PENDIDIKAN FORMAL DALAM PERSPEKTIF TAFSIR
AL-QURAN
Makalah Tafsir Pendidikan
Dosen : Dr. Muhammad Hariyadi, MA
Disusun Oleh :
ASEP SUPRIATNA
MANAJEMEN PENDIDIKAN ISLAM
PROGRAM PASCASARJANA FAKULTAS TARBIYAH
INSTITUT PERGURUAN TINGGI ILMU AL-QURAN (PTIQ)
JAKARTA 1437 H/ 2016 M
BAB I
PENDAHULUAN
1.
Latar Belakang
Pendidikan
Islam sebagai institusi sosial mempunyai peranan yang sangat strategis dalam
rangka mensosialisasikan nilai-nilai ajaran Islam kepada pemeluknya, baik
secara individu maupun masyarakat.
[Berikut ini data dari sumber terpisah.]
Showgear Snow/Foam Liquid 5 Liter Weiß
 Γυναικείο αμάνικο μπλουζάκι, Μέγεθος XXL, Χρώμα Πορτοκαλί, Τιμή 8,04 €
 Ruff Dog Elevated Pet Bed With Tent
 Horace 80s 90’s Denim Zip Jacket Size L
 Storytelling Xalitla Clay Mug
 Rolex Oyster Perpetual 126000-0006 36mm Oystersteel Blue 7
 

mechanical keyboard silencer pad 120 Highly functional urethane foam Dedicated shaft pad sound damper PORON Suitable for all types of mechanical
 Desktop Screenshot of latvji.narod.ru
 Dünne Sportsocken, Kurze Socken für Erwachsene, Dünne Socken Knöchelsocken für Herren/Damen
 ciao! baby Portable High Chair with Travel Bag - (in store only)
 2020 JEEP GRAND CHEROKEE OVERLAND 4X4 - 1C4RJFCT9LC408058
Secara metodologi, pendidikan Islam dituntut
agar mampu mensosialisasikan dan mengintegralisasikan nilai-nilai spiritual
kepada masyarakat, sekaligus mampu mengakomodasi perkembangan masyarakat serta
mampu memberikan jalan keluar dari berbagai permasalahan yang dihadapi oleh
umat manusia seiring dengan perkembangan ilmu pengetahuan dan teknologi.
Untuk mengatasi
peroblema di atas, maka pendidikan Islam tidak ada alternatif lain kecuali
merujuk pada nilai-nilai dasar pendidikan Islam yakni al-Qur’an dan Hadis,
termasuk metode penerapannya. Namun agar tulisan ini lebih terarah dan
menghasilkan temuan yang lebih spesifikasi, maka tulisan ini hanya difokuskan
pada al-Qur’an.
“Pada
hakekatnya Al-Qur’an itu merupakan perbendaharaan yang besar untuk kebudayaan
manusia, terutama bidang kerohanian. Ia pada umumnya merupakan kitab pendidikan kemasyarakatan, moril
(akhlak) dan spiritual (kerohanian).[1]
Secara historis, timbulnya lembaga-lembaga pendidikan formal
dalam bentuk sekolah-sekolah dalam dunia Islam merupakan pengembangan dari
sistem pengajaran dan
pendidikan yang telah berlangsung di masjid-masjid, yang sejak awal telah
berkembang dan dilengkapi sarana-sarana untuk memperlancar pendidikan dan
pengajaran di dalamnya.[2]
2.
Rumusan Masalah
Berdasarkan
latar belakang masalah tersebut, maka dapat dirumuskan sebagai berikut:
1)
Bagaimanakah
Pendidikan formal dalam perspektif Tafsir al- Quran?
2)
Bagaimana
sistem pendidikan pada awal kemunculan Islam?
BAB II
PEMBAHASAN
A. Pengertian Pendidikan Formal
Pendidikan
adalah bimbingan secara sadar oleh pendidik terhadap perkembangan jasmani dan
rohani peserta didik menuju terbentuknya kepribadian yang utama. Sehingga
pendidikan dipandang sebagai salah satu aspek yang memiliki peranan pokok dalam
membentuk generasi muda agar memiliki kepribadian yang utama.[3]
Menurut bapak
pendidikan Indonesia (Ki Hajar Dewantara), pendidikan adalah daya upaya untuk
memajukan budi pekerti (kekuatan batin), pikiran (intellect) dan jasmani
anak-anak selaras dengan alam dan masyarakatnya.[4] Selain
itu, menurut John Dewey dari segi hakikatnya, pendidikan berarti perkembangan
dari sejak lahir sampai menjelang kematian dan pendidikan juga berarti sebagai
kehidupan. “Education is growth, development and lie”. Pendidikan tidak
mempunyai tujuan dari luar dirinya, melainkan terdapat dalam pendidikan itu
sendiri.[5]
Pendidikan dalam Islam dikenal dengan beberapa istilah, At-Tarbiyah, At-Ta`lim,
At-Ta`dib, At-Tahzib, Al-Islah, At-Tath`hir, At-Tazkiyah, At-Tansyi`ah. Adapun At-Tarbiyah atau pendidikan dalam perspektif
Islam menurut Abdurrahman An-Nahlawi dalam kitabnya Usul
at-Tarbiyah al-Islamiyah adalah: 1) Mensucikan, mengembangkan, membersihkan dan mendekatkan setiap jiwa kepada
tuhannya, menjauhkannya dari segala bentuk kejahatan, dan menjaga fitrahnya.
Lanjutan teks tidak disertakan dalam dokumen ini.